Server-side data collection offers several key advantages. Firstly, and most importantly to this article, it enhances data security by minimizing the exposure of sensitive information to third-party scripts and potential client-side vulnerabilities. Secondly, it enables companies to have greater control over the data they collect, ensuring compliance with privacy regulations and allowing for more targeted data gathering. Lastly, server-side tracking can improve website performance by reducing the number of client-side requests and minimizing the risk of script conflicts.

Implementing Server-Side Tracking

To successfully transition to server-side data collection, businesses need to follow a strategic approach. The first step is to assess the current data collection infrastructure and identify areas where client-side tracking can be replaced with server-side alternatives. This may involve auditing third-party scripts, evaluating data collection requirements, and determining the necessary server-side tools and technologies.

Once this assessment is complete, companies should develop a comprehensive migration plan. This plan should outline the steps needed to implement server-side tracking, including the selection of appropriate tools, the configuration of server-side environments, and the testing and validation of data collection processes. It is essential to involve key stakeholders, such as IT, marketing, and legal teams, to ensure a smooth and compliant transition.

During the implementation phase, businesses should prioritize data governance and privacy. This includes establishing clear data handling policies, implementing secure data storage practices, and ensuring data collection meets regulatory requirements. Regular monitoring and auditing of server-side tracking should also be conducted to identify and address potential issues or vulnerabilities.

Conclusion

In a world where privacy is paramount, relying on client-side tracking is no longer a viable option for businesses. The risks are too high, and the consequences too severe. By adopting server-side data collection practices, companies can protect themselves from financial penalties, reputational damage, and the loss of valuable customer data. The time to act is now. Embracing server-side tracking is not just a smart business move—it is a necessity in today's privacy-focused landscape.

The examples of data breaches caused by client-side vulnerabilities serve as stark reminders of the urgent need for change. Companies that fail to adapt risk becoming the next cautionary tale, facing the wrath of regulators and the erosion of customer trust.
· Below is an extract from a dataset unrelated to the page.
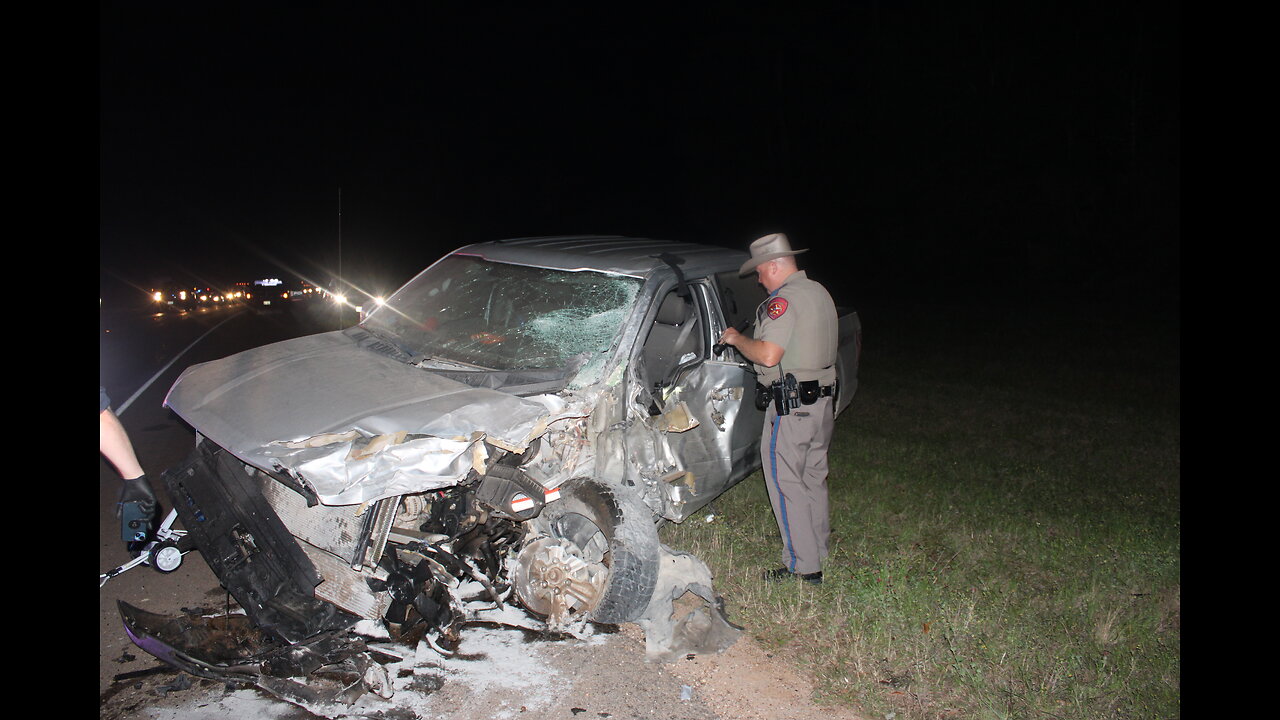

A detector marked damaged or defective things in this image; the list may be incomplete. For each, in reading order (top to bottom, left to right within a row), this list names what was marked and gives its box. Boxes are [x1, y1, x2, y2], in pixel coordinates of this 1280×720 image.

On the other hand, those that proactively embrace server-side tracking will be well-positioned to navigate the evolving privacy landscape and build stronger, more trusted relationships with their customers.

In conclusion, the shift to server-side data collection is not optional—it is imperative. By taking a strategic and proactive approach, businesses can mitigate the risks associated with client-side tracking, ensure compliance with privacy regulations, and safeguard the privacy and security of their customers' data. The future of data collection lies serverside, and those who recognize this reality will be the ones who thrive in the years to come.